Ilustrasi (foto: Pixabay)

Menteri Sosial (Mensos) Saifullah Yusuf — yang menjadi leading sektor Sekolah Rakyat — berkata, seleksi calon siswa Sekolah Rakyat segera dimulai. “Pendaftaran dibuka dalam satu hingga dua bulan ke depan,” ujarnya dalam keterangan tertulis, Jumat (14/3/2025).

Membaca pernyataan pejabat ini, kita jadi bertanya. Bagaimana sebenarnya konsep Sekolah Rakyat yang katanya untuk orang miskin tersebut?

Kesannya kok jadi kontradiktif? Satu sisi, program andalan Presiden Prabowo hendak melayani, tapi dalam praktik, pelaksanaannya tidak beda seperti sekolah lainnya. Bukannya menjemput “bola”, justeru rakyat yang diminta datang untuk diseleksi.

Dengan pola seperti itu, dikhawatirkan, yang akan terjaring nanti bukan target sebenarnya. Bukan mustahil terjadi manipulasi data. Karena gratis, banyak orang yang tidak miskin pun ingin mendapatkan layanan pendidikan gratis Sekolah Rakyat. Soal identitas seribu satu macam cara bisa didapatkan.

Masyarakat miskin, selama ini, mengalami kendala mendapatkan layanan pendidikan justeru karena hambatan akses. Kalau mereka diminta mendaftarkan diri, justeru faktor itu yang menjadi salah satu kendala yang dihadapi selama ini.
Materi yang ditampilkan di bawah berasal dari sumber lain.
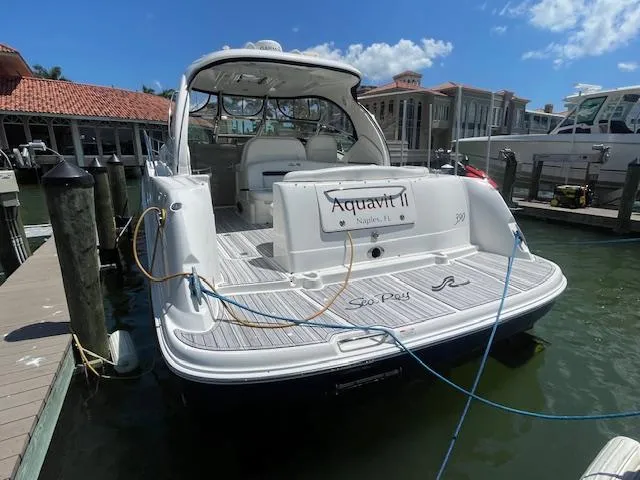 Slide: The Image of 2005 Sea Ray 390 Sundancer docked at marina, rear view. - 2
Bagaimana pula mereka yang berdomisili jauh dari lokasi sekolah? Mereka tidak punya biaya untuk bolak-balik berurusan ke sekolah.

Kenapa Mensos tidak fokus mengejar calon siswa melalui data penduduk miskin kategori desil 1 dan 2 dalam Data Tunggal Sosial Ekonomi Nasional (DTSEN)? Dari sana baru dibuat skala prioritas jika jumlahnya tidak sesuai dengan daya tampung sekolah.

Program ini juga rentan mengulangi kesalahan masa lalu. Kenapa tidak melibatkan Kementerian Pendidikan dan pemerintah provinsi?

Jangan lupa, banyak sekolah berbagai jenjang, belakangan ini, mulai krisis siswa sehingga ruang kelas kosong tidak dimanfaatkan. Sekolah-sekolah yang krisis siswa bisa dilakukan regrouping.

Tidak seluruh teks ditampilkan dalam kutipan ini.